Chapelle Saint-Jean de Citou
L’origine de Citou est celle d’un des plus anciens monastères bénédictins de la Montagne Noire : mentionné dès 791. Il était implanté dans la vallée de l’Argent-Double, en amont du Monastère de Caunes. Son étude a montré que la nef est le chœur sont au moins romans, mais le plan très simple et l’appareil assez fruste pourraient indiquer les environs de l’an mil comme période de construction. L’époque moderne est une période de mutation pour l’édifice. L’église Saint-Jean de Citou a probablement souffert pendant des Guerres de Religion. À cela s’ajoute, la croissance démographique qui a probablement motivé l’agrandissement de l’édifice vers le sud. Le millésime 1659, au-dessus du portail, correspond à ces travaux et au déplacement de l’entrée, initialement percée dans le mur ouest. C’est à cette époque que la statue Notre Dame de Saint-Jean prend place en l’église et que des peintures murales sont réalisées dans le cul-de-four.
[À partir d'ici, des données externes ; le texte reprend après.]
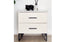 white bedside table with marble top and black legs styled modern bedroom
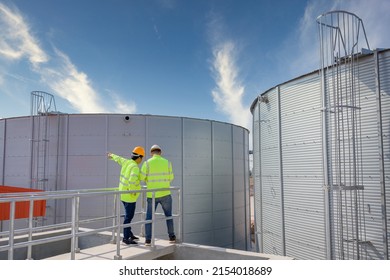 Two Asian male industrial engineers Work is planning work inspection work in the engineering industry. utilities Sewers and central wastewater treatment plants - Shutterstock ID 2154018689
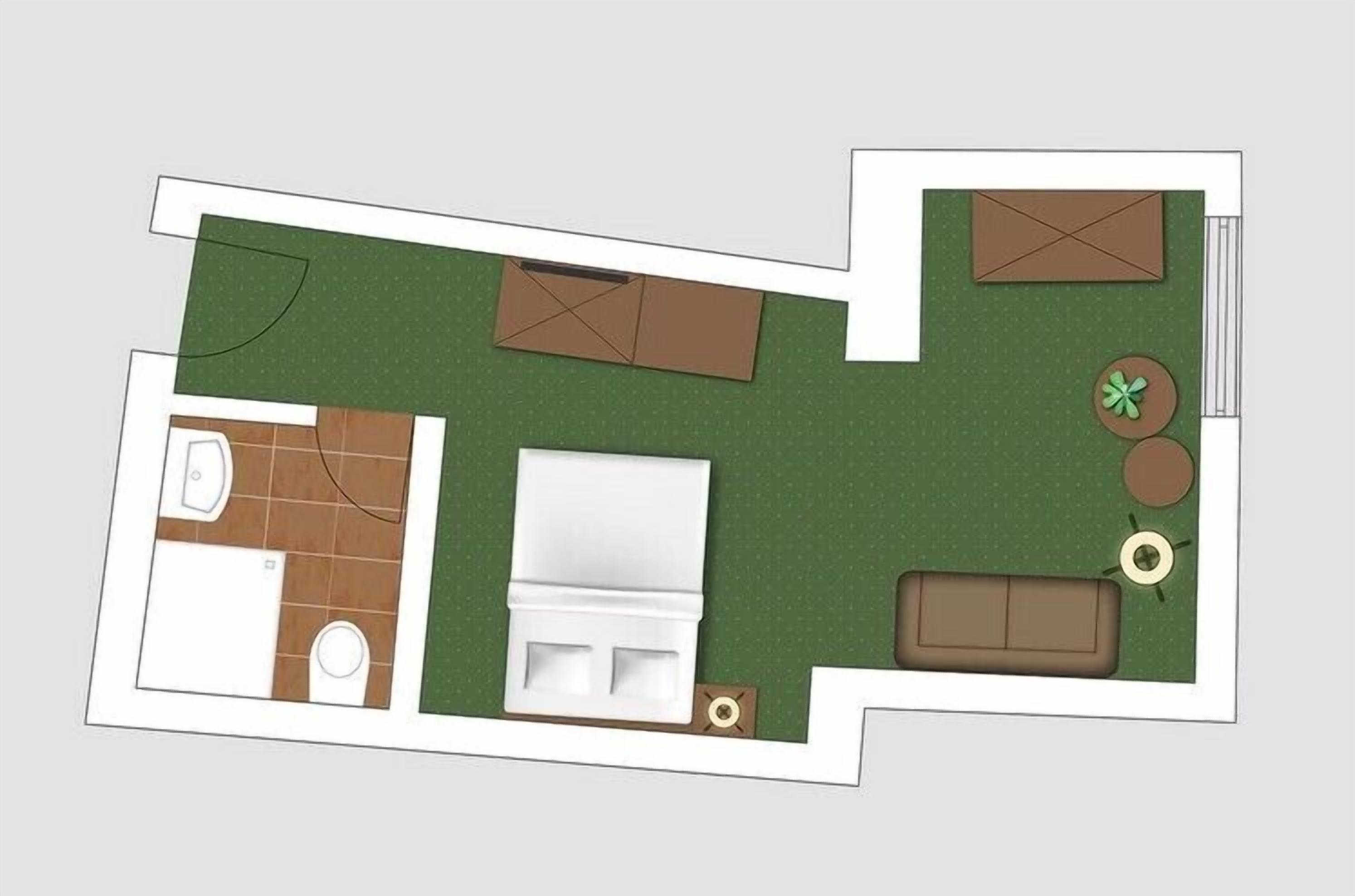 A floor plan of a hotel room with a bathroom, a bed, a small seating area, and a garden view.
En 1704, de fortes pluies changent le cours de la rivière, qui coule alors aux pieds de la sacristie, menaçant de l’emporter. Des travaux permettent de réorienter le cours d’eau et ainsi de préserver l’église. Vers le milieu du XIXe siècle, le Conseil de fabrique demande le transfert de la paroisse dans une nouvelle église, à construire au cœur du village, sous le prétexte que la chapelle champêtre était fréquemment inondée par les crues de l’Argent-Double. Le projet n’aboutira pas et des travaux de réfection sont faits sur l’église. Tout au long du XXe siècle, Saint-Jean de Citou est restauré et c’est en 1990, derrière l’autel de Saint-Jean de Citou, qu’un bas-relief en calcaire clair de l’Antiquité tardive représentant les douze apôtres est découvert.
Le projet de la chapelle de Citou doit d’abord comprendre des travaux de conservation/confortation afin d’éviter les risques d’effondrement.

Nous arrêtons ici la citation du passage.